WHAT THE EXERCISE ASKS: All lines from the top of the records below through the line holding "Hello and welcome", and only those, should be printed exactly, minus the pictures.
════
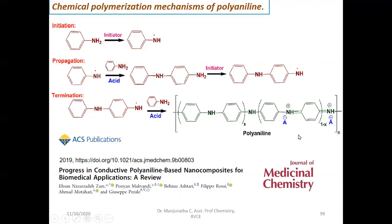That final green product is called Emeraldine salt, which has both benzenoid structure and is in neutralized form. This mechanism was actually reported by a research group and published in the Journal of Organic Chemistry. I thank the group members for this wonderful proposed mechanism.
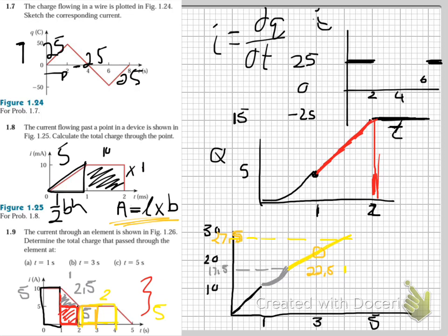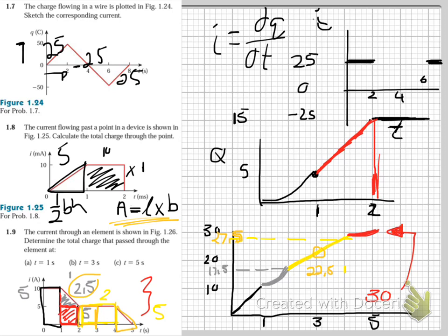Then we've got another half base times height giving us a parabola going up by 2.5. So at 5 seconds we are going to have 30. That is 30 — that point right there. Just some basic math, nothing really happening here — all W158, high school math, nothing new.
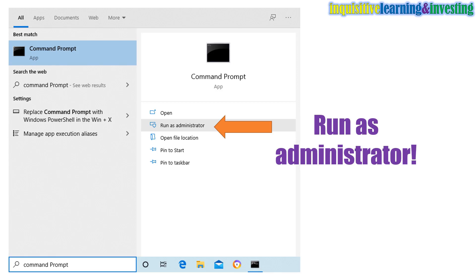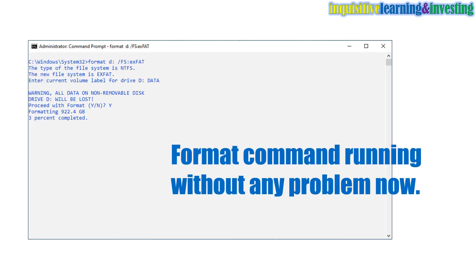Look for the Command Prompt application by searching through the Windows search dialog box and select 'Run as administrator.' If you are not an administrator, you will be asked to log in using an administrator credential. The Command Prompt application will be opened. As shown here, I am now able to format my drive — the access denied message does not appear anymore.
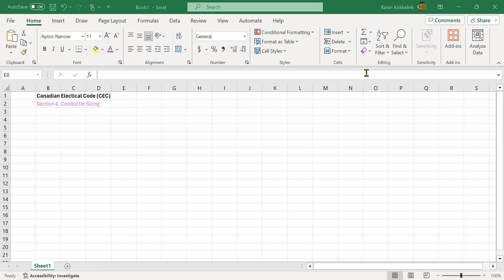Hi, everybody. Let's try to make sense of Section 4 of the Canadian Electrical Code. Section 4 is a very well-known section called Conductor Sizing. We have a whole lot of rules with about 27 subsections, but we have to make sense of it. Excel sometimes helps for organizing our material.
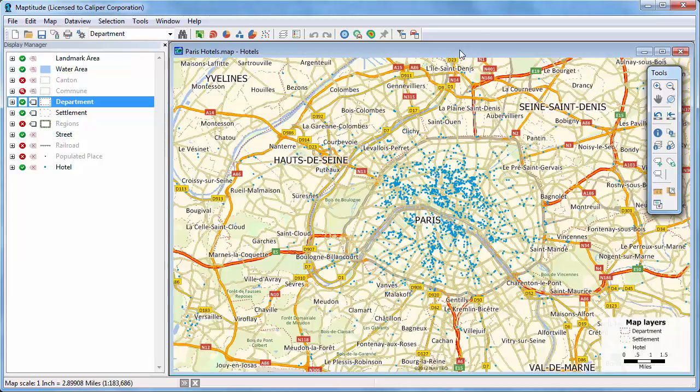This Maptitude tutorial shows you how to create a heat map using Maptitude density grids. A density grid transforms the points in a point layer into a regular grid. This makes it easier to identify customer concentrations, crime hotspots, or disease outbreaks.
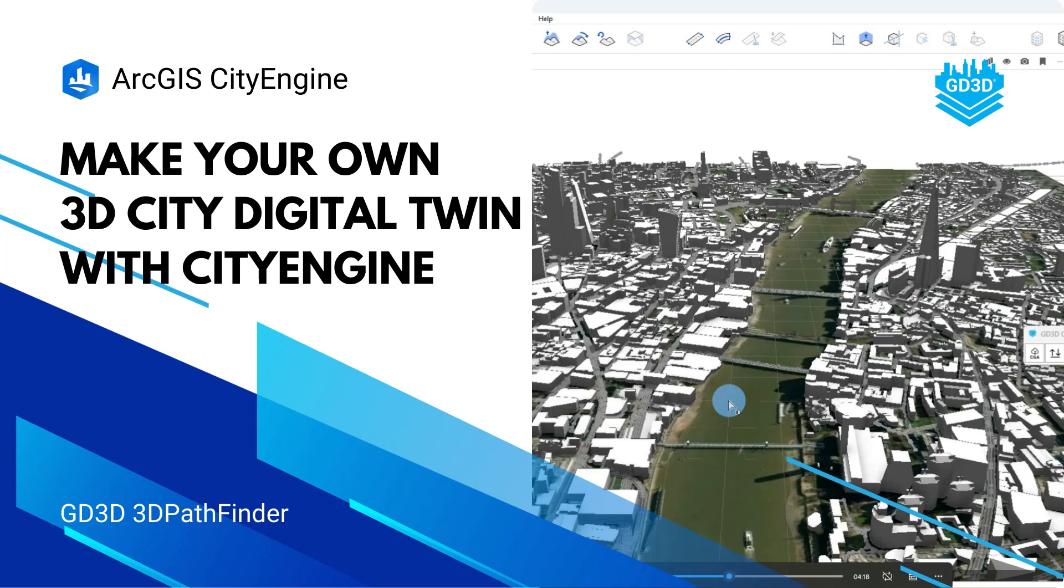Hello and welcome back to our GD3D's 3D Pathfinder YouTube channel. It's time for some CityEngine content. In this short session, we'll be making our own 3D City Digital Twin, all while not leaving the application or doing any preparation.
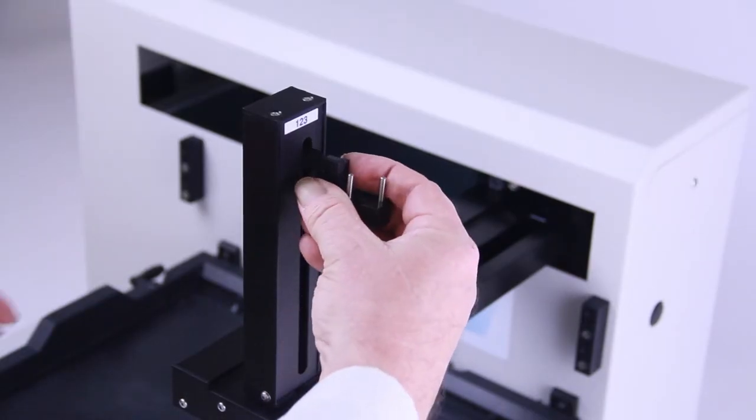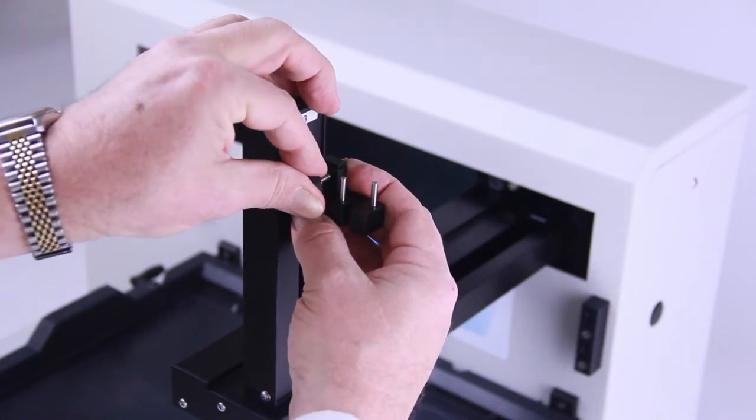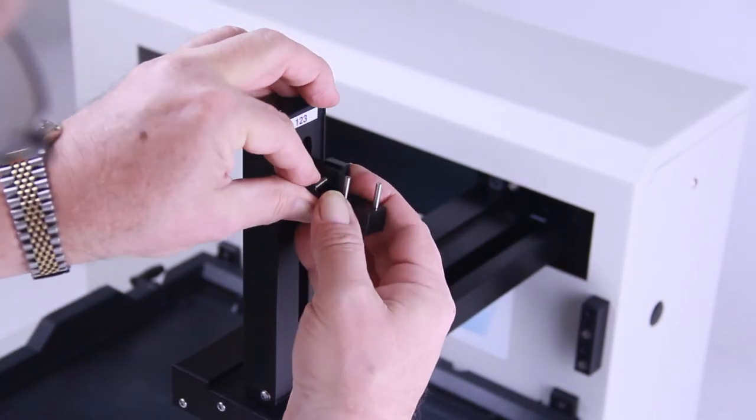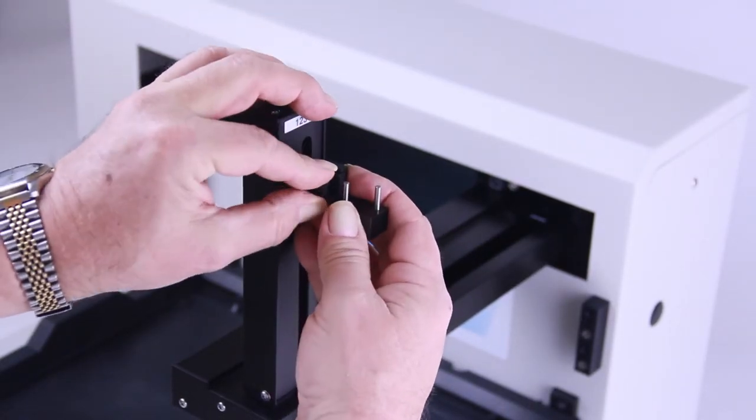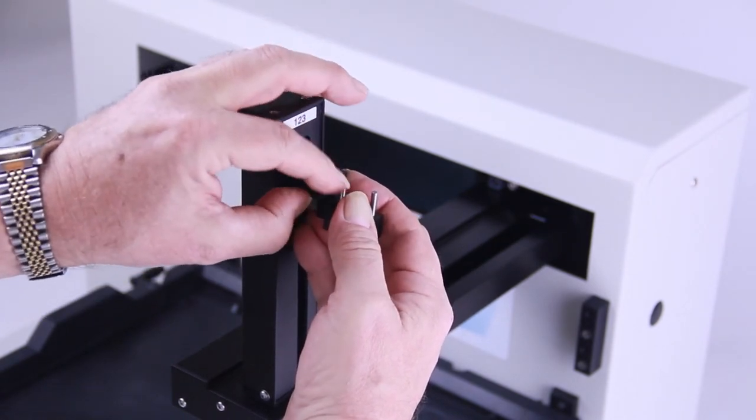To install the electrode holder, slide it into place on the electrode holder bracket and secure it with the supplied thumb screw.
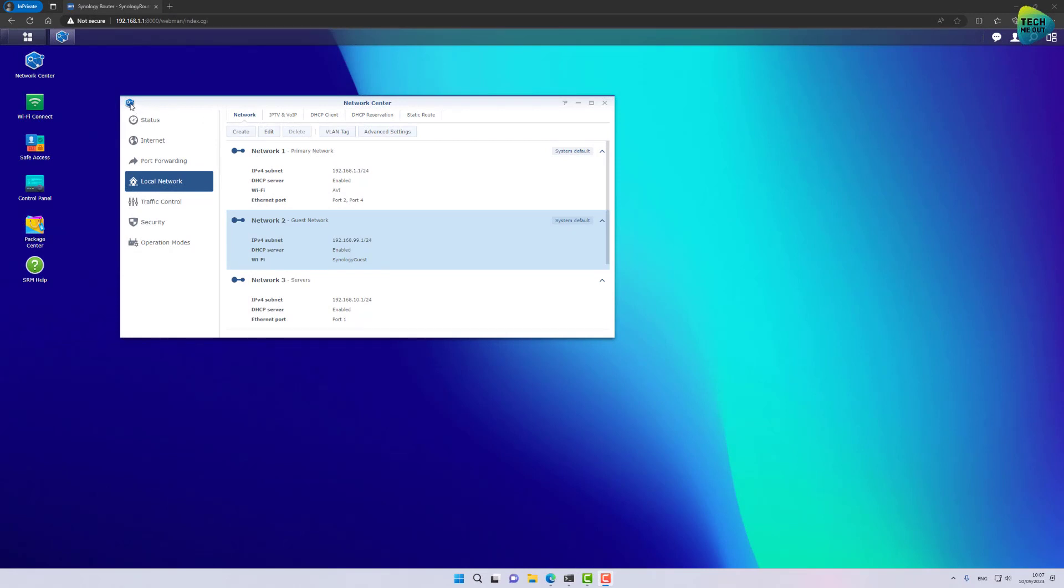Alright guys, so we are inside Synology SRM 1.3 and I just want to point out that towards the end of the video I am going to show you how to create firewall rules to establish GeoIP filtering. Meaning clients or devices from countries you will define will be completely blocked from entering your network. It's a bit off topic, there is a bit of a caveat.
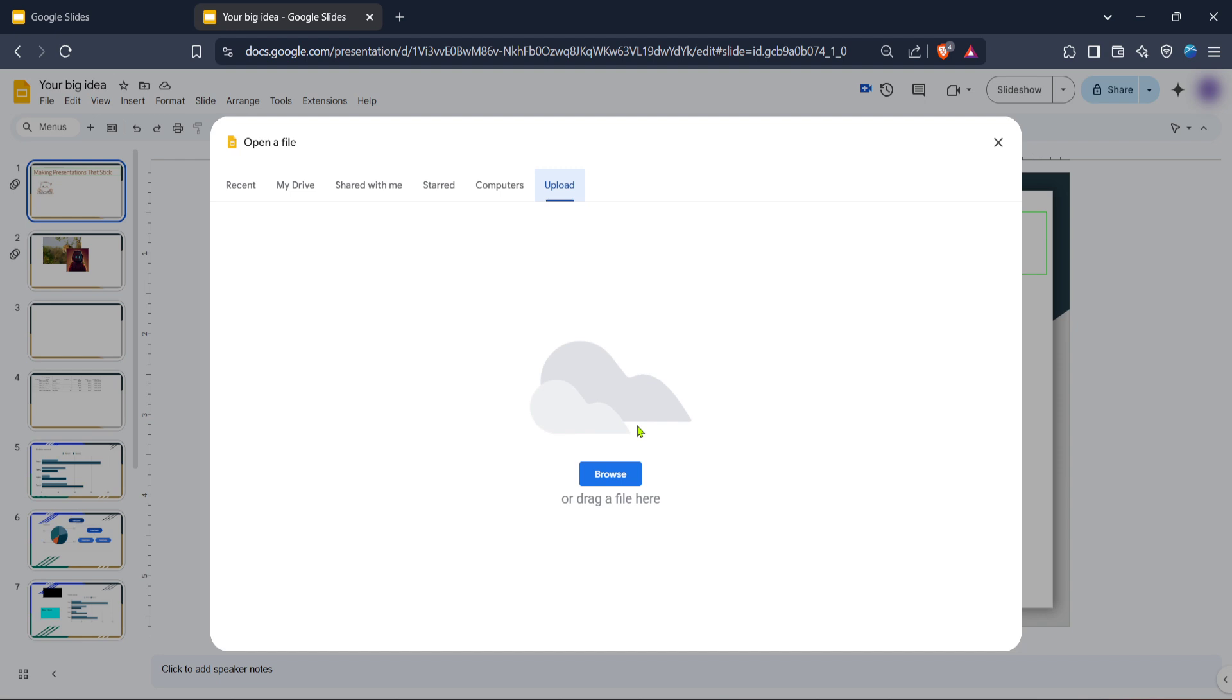So that's it. You've just learned how to upload a file to Google Slides. With these steps, not only can you enhance your presentations, but you can also ensure that your materials are accessible and easy to share. Thanks for following along, and happy uploading.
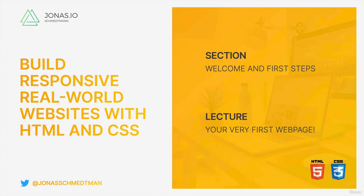Welcome back! Let's now write our very first line of code and build our very first and very small web page.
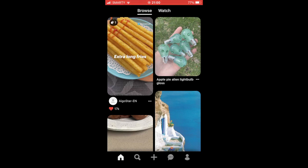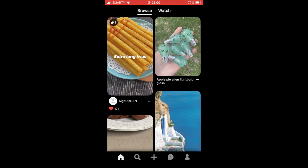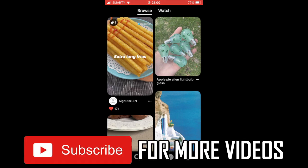How to save pictures from Pinterest to camera roll. This is going to be the same whether you're on Android or iPhone — any mobile device is going to be the same type of process. This is going to be on the Pinterest app, not the website on your phone.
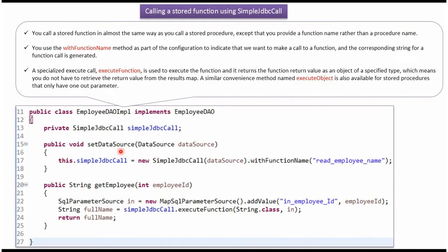Here you can see the setDataSource method. Spring container creates a data source object and passes it to this method, and that data source object is set to the simple JDBC call object. The simple JDBC call object is going to use the function read_employee_name, which we have already created.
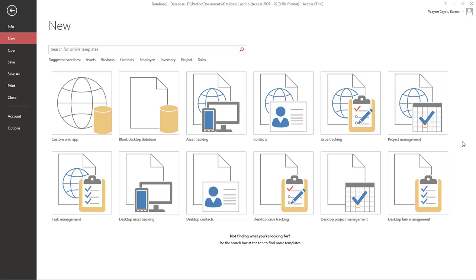What's up? Wayne Barron here with darkeffects.net. We are inside of Microsoft Office Access Database.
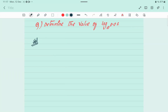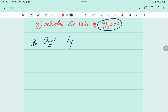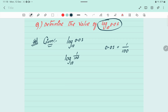Let's see the new question today: determine the value of log base 10 of 0.01. We take log base 10 power 0.01. This is in decimal form, so in place of 0.01 we can write 1 by 100. So we get log base 10 of 1 by 100.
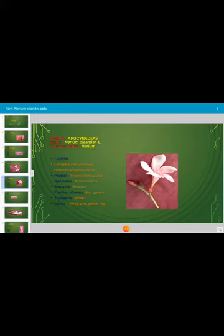This is the flower of Nerium. The flower is complete because all floral units are present. It is described as pentamerous because five petals are present. The flower is heterochlamydeous, meaning the calyx lobes and corolla lobes — that is, sepals and petals — are distinct and differentiated from each other. Such a flower is described as heterochlamydeous.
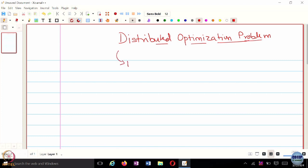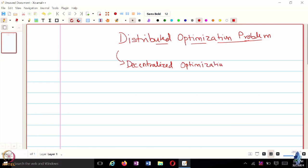In certain texts, you will also see this referred to as the Decentralized Optimization Problem. When I say Decentralized, it's called that because all the gradient computation is going to be decentralized, but the communication is distributed in the sense that you are only going to be communicating with your neighbors — there is no centralized computation or communication happening. So in certain texts you would see 'decentralized' appearing instead of 'distributed', but at the core they are trying to solve a similar kind of problem.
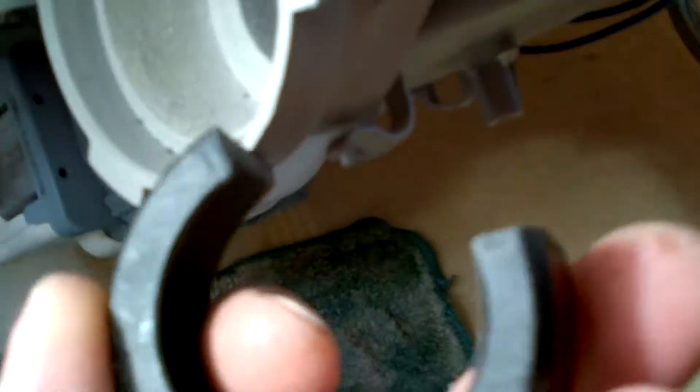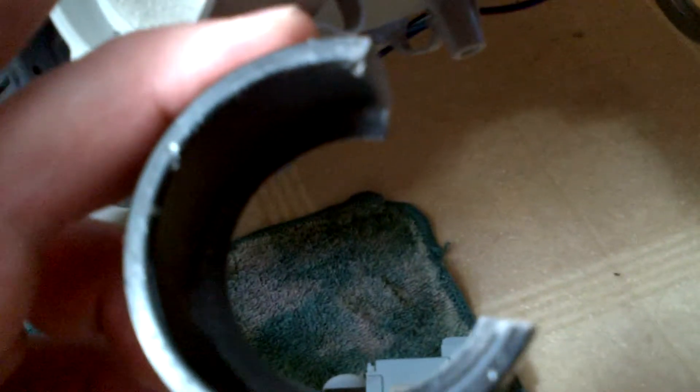and what I came up with is this. It's just a little shim that I'm going to stick inside of there to close that tolerance up between the impellers and the pump body.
════
SOLUTION FOR THIS EXERCISE:
That final green product is called Emeraldine salt, which has both benzenoid structure and is in neutralized form. This mechanism was actually reported by a research group and published in the Journal of Organic Chemistry. I thank the group members for this wonderful proposed mechanism.
Then we've got another half base times height giving us a parabola going up by 2.5. So at 5 seconds we are going to have 30. That is 30 — that point right there. Just some basic math, nothing really happening here — all W158, high school math, nothing new.
Look for the Command Prompt application by searching through the Windows search dialog box and select 'Run as administrator.' If you are not an administrator, you will be asked to log in using an administrator credential. The Command Prompt application will be opened. As shown here, I am now able to format my drive — the access denied message does not appear anymore.
Hi, everybody. Let's try to make sense of Section 4 of the Canadian Electrical Code. Section 4 is a very well-known section called Conductor Sizing. We have a whole lot of rules with about 27 subsections, but we have to make sense of it. Excel sometimes helps for organizing our material.
This Maptitude tutorial shows you how to create a heat map using Maptitude density grids. A density grid transforms the points in a point layer into a regular grid. This makes it easier to identify customer concentrations, crime hotspots, or disease outbreaks.
Hello and welcome back to our GD3D's 3D Pathfinder YouTube channel. It's time for some CityEngine content. In this short session, we'll be making our own 3D City Digital Twin, all while not leaving the application or doing any preparation.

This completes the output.